I have a directory listing with many subdirectories having many files.
I want to recursively search for the oldest 5 files starting from the base directory and not 5 from each subdirectory.
I am writing a shell script which sorts them using
ls -lRtur|egrep "txt|jpg" > /tmp/file1
Now from this /tmp/file1 file I want to sort the files same as what the ls -ltr command does that is oldest file time to newest file time first.
How do I sort based on Linux time stamp?
The files itself also have Linux timestamps embedded in them
So I can sort based after extracting them as well if it is easier.
My /tmp/file1 has entries like below.
-rw-rw-r--. 1 usr1 usr1 705 2010-01-22 17:25 sample20100603173659.jpg

I want to get the 5 oldest files and then delete them.

This will get you the oldest 5 files:

find . -type f -print0| xargs -0 stat -t '%s' | awk '{ print $9 "\t" $16 }' | tr -d '"' | sort -n | tail -5|awk '{print $2}'

find . -type f : Show all the files below current directory that are not directories or links
-print0: each output is 'zero separated'
xargs -0 : pass each item of output from the left part as an arg to the right part, accepting the zero-sep output from find
stat -t '%s' : print the file info with times as seconds since unix epoch
awk ... : show the modify time and the file name, tab sep
tr -d : remove the extraneous double quotes
sort -n : sort in numeric order
tail -5 : show last 5 items
awk ... : show only the file name

find's -print0 and xargs -0 are used at least partly to avoid problems if the file names have spaces in them.
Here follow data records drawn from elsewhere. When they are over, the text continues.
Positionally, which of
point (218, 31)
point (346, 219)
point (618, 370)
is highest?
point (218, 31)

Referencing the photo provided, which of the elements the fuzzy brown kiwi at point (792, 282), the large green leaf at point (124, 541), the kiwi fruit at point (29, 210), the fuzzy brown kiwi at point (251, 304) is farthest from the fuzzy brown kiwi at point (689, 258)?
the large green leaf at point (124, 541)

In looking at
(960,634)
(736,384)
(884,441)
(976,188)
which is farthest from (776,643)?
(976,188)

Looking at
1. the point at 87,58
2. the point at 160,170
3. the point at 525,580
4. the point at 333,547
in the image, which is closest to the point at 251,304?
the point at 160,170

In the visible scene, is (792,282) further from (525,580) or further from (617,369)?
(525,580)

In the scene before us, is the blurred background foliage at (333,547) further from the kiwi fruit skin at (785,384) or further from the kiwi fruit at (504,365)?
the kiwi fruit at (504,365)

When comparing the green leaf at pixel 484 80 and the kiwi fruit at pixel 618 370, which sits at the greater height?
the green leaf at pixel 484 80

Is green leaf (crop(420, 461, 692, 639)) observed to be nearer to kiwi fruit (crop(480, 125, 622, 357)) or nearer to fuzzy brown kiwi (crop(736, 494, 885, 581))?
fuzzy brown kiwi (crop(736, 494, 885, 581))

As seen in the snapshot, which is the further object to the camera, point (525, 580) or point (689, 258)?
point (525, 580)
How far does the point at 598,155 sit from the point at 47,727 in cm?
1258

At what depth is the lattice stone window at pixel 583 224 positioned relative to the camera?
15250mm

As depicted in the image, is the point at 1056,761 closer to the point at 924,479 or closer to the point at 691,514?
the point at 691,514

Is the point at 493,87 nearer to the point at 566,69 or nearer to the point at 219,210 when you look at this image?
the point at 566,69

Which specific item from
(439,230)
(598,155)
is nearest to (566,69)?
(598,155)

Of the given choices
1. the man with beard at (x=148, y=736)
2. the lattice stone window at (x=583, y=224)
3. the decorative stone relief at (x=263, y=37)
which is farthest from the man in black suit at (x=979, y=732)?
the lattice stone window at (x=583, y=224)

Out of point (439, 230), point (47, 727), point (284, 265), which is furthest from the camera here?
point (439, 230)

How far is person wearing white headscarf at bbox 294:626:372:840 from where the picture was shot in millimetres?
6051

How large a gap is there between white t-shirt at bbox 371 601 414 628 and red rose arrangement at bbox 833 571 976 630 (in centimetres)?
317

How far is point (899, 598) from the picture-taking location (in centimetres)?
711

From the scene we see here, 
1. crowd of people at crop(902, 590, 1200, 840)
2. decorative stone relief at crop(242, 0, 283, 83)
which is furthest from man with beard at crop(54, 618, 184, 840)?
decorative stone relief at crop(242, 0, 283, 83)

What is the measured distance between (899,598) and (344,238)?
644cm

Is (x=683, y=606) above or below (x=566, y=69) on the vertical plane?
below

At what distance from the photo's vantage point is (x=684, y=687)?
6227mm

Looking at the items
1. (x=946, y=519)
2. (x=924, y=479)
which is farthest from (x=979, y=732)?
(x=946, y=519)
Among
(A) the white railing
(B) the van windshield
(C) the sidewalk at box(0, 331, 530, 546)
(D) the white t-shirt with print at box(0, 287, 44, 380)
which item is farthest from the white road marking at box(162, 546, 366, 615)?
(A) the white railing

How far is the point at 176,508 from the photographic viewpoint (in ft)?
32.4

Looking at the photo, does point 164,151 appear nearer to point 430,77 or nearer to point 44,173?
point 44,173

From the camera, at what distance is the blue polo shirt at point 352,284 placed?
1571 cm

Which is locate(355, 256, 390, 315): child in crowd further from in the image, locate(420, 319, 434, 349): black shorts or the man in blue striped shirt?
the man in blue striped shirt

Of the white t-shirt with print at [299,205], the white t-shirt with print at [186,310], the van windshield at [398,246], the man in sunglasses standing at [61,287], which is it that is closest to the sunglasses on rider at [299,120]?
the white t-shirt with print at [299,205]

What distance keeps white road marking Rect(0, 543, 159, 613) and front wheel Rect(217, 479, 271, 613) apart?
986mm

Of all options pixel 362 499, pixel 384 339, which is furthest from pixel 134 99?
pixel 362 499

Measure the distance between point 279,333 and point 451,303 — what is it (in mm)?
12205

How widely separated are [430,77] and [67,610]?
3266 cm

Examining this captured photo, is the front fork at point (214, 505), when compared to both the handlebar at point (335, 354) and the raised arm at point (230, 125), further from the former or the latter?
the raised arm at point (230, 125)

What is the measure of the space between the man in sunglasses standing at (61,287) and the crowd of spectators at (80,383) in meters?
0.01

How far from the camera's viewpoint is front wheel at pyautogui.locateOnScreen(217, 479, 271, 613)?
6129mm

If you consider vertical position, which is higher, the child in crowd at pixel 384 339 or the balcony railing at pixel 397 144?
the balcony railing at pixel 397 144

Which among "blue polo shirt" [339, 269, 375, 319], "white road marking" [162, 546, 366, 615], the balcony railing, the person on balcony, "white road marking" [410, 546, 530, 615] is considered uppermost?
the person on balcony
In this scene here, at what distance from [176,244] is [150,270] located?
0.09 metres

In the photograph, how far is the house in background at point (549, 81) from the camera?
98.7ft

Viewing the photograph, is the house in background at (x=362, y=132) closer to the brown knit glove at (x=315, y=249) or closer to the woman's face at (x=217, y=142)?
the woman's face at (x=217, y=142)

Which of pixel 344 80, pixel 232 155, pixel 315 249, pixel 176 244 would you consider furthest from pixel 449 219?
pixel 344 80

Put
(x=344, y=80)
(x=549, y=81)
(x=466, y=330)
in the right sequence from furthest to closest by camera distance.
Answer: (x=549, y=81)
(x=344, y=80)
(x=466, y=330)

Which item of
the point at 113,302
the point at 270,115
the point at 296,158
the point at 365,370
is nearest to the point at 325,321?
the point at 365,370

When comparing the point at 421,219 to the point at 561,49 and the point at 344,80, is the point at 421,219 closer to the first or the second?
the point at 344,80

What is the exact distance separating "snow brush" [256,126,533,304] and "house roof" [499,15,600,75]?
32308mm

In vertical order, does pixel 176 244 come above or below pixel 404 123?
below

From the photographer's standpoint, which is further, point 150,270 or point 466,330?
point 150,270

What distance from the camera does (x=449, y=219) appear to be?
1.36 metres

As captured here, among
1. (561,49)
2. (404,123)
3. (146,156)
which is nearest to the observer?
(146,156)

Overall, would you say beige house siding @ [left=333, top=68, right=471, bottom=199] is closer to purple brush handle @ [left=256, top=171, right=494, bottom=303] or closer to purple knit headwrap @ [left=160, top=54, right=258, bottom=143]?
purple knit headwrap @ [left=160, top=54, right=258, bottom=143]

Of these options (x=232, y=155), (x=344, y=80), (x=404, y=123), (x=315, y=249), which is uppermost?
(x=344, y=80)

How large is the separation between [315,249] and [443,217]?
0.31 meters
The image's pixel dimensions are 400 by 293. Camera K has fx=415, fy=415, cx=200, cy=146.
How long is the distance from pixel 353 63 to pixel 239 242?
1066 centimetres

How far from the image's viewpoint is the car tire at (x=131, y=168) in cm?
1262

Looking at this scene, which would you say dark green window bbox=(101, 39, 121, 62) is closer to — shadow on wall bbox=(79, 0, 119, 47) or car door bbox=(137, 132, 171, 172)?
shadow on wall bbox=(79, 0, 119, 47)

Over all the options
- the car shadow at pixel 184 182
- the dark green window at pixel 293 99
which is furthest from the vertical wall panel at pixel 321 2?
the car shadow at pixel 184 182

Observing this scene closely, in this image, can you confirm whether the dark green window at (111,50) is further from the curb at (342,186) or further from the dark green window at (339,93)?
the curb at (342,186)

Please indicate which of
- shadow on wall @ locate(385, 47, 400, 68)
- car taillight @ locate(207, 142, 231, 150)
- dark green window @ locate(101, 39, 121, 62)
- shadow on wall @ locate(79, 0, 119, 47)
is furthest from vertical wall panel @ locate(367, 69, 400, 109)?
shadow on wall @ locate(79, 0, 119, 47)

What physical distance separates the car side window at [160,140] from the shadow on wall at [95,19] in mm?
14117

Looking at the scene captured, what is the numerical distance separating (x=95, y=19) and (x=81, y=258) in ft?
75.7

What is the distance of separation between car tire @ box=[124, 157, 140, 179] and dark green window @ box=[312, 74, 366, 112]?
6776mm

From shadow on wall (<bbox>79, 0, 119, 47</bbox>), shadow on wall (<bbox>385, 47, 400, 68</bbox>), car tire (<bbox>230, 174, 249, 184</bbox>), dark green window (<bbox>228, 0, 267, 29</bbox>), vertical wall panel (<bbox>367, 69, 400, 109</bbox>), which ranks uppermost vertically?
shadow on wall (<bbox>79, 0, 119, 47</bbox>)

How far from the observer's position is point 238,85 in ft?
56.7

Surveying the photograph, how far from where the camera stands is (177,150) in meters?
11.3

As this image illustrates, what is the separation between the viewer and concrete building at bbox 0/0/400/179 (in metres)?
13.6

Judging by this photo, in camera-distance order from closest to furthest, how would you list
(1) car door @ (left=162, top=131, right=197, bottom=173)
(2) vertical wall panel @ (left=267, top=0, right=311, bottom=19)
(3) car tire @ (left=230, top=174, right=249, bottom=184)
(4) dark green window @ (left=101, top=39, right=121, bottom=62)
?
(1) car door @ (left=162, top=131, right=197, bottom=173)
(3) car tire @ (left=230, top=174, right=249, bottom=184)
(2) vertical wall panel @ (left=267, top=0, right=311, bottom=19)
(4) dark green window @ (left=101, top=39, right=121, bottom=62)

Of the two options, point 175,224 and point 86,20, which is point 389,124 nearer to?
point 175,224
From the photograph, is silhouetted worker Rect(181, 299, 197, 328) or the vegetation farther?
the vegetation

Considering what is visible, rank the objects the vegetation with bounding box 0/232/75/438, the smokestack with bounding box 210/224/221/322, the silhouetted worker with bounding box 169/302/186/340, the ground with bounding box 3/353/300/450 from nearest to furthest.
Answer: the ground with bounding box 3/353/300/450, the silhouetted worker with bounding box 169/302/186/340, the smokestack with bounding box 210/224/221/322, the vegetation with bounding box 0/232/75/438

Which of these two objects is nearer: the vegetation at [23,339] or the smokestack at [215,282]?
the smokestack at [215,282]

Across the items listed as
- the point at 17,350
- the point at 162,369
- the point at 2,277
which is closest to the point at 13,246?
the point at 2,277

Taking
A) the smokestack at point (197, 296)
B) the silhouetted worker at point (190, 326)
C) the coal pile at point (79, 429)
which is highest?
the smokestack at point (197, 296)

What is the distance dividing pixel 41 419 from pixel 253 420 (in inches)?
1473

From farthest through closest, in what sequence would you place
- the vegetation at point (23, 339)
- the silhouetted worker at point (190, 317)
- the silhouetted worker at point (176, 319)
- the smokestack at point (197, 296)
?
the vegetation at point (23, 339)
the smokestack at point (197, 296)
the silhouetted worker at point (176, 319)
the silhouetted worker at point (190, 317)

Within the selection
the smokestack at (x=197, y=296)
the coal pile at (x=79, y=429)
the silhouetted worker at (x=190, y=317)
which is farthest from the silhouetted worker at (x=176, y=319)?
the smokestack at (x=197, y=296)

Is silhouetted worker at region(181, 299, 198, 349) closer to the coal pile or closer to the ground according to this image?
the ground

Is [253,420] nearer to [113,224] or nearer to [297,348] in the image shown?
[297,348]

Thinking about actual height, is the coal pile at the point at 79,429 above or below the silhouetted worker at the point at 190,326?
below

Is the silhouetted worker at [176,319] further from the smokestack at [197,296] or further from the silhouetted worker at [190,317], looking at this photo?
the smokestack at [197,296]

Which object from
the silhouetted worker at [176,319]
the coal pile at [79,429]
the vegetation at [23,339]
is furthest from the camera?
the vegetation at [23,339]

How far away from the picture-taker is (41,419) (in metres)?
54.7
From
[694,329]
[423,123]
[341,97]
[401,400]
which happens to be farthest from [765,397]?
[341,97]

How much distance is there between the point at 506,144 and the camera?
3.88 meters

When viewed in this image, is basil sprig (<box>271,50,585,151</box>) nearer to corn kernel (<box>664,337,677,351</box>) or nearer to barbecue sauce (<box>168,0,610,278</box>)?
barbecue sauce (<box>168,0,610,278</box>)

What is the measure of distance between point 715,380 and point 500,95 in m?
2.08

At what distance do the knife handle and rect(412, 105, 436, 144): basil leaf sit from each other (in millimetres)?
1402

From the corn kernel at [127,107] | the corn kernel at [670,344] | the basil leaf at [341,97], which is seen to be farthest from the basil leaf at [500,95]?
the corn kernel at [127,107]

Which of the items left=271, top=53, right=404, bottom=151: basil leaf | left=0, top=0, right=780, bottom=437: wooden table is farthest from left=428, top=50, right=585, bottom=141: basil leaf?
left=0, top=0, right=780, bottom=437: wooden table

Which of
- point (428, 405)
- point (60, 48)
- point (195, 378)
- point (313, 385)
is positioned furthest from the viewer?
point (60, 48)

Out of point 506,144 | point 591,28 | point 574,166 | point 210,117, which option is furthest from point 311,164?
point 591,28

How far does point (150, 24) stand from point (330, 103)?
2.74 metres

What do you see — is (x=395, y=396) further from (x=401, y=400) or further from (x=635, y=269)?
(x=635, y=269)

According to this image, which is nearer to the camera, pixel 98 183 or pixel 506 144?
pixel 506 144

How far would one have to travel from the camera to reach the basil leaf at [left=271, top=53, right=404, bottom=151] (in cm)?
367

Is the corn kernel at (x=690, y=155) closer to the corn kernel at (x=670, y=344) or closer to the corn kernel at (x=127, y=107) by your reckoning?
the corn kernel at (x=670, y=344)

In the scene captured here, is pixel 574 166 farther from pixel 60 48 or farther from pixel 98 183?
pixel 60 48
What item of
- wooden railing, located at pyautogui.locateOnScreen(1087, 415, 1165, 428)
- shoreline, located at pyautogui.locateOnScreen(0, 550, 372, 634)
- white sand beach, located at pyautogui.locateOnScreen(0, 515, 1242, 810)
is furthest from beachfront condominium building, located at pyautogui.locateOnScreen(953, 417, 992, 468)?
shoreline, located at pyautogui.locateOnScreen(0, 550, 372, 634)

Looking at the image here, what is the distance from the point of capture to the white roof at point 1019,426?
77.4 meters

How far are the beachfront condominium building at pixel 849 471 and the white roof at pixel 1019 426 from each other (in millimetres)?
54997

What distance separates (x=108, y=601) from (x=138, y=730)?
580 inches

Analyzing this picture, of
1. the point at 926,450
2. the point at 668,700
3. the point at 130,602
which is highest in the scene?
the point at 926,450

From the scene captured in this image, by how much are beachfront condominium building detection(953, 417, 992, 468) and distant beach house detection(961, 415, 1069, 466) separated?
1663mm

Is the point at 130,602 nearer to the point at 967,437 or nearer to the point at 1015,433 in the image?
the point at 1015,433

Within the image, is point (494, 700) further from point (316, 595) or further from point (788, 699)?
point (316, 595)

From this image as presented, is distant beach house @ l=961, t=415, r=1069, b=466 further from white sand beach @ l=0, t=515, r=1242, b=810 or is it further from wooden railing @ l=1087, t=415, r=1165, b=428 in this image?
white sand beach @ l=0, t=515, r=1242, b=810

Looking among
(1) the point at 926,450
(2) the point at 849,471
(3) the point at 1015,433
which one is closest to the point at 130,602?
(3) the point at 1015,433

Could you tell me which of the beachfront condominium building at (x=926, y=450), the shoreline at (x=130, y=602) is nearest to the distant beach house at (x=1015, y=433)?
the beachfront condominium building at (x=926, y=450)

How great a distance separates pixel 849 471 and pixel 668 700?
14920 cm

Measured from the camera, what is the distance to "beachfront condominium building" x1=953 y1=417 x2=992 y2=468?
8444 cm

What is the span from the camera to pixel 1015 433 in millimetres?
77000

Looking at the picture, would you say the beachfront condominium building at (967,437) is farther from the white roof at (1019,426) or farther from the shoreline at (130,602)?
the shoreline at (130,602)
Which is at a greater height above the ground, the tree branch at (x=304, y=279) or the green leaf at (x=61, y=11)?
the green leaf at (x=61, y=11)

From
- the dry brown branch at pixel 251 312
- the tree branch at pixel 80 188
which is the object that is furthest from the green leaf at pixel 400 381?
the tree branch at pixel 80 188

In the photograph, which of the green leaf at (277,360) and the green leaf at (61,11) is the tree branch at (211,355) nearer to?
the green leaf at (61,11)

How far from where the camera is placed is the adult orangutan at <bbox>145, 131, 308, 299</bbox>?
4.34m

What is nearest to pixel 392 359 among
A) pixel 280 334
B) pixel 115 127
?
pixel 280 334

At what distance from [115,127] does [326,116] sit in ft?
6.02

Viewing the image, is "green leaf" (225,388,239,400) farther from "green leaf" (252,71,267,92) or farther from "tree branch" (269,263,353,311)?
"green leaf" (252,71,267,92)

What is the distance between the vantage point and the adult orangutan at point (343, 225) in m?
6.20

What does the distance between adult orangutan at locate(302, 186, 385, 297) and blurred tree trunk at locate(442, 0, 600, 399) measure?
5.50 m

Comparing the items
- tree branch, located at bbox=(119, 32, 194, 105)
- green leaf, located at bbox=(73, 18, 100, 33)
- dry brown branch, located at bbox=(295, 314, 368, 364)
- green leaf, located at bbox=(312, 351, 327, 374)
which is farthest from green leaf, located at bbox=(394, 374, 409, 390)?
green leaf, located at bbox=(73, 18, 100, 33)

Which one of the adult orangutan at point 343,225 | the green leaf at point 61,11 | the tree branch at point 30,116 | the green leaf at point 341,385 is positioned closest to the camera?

Also, this format is slightly more efficient than the default.

You could mess around a bit more with stat -f to avoid the first awk, maybe. The second awk could be cut -f2 -d'\t' ... or you could use some non-tab sep in the first awk command or the stat -f command.

If there are a *lot* of these files, or you want to run this thing very often, then it will be well to worry about removing some of the awk which is slow, and pipes which are also slow.

Be sure that -t works for your version of stat ... and be sure that you actually have a stat command: Not all OSs provide it by default (though it is always available "somehow") As a Python programmer, I would use Python for this: You invoke the interpreter just once, so no pipe overhead, and the dates can be directly sorted.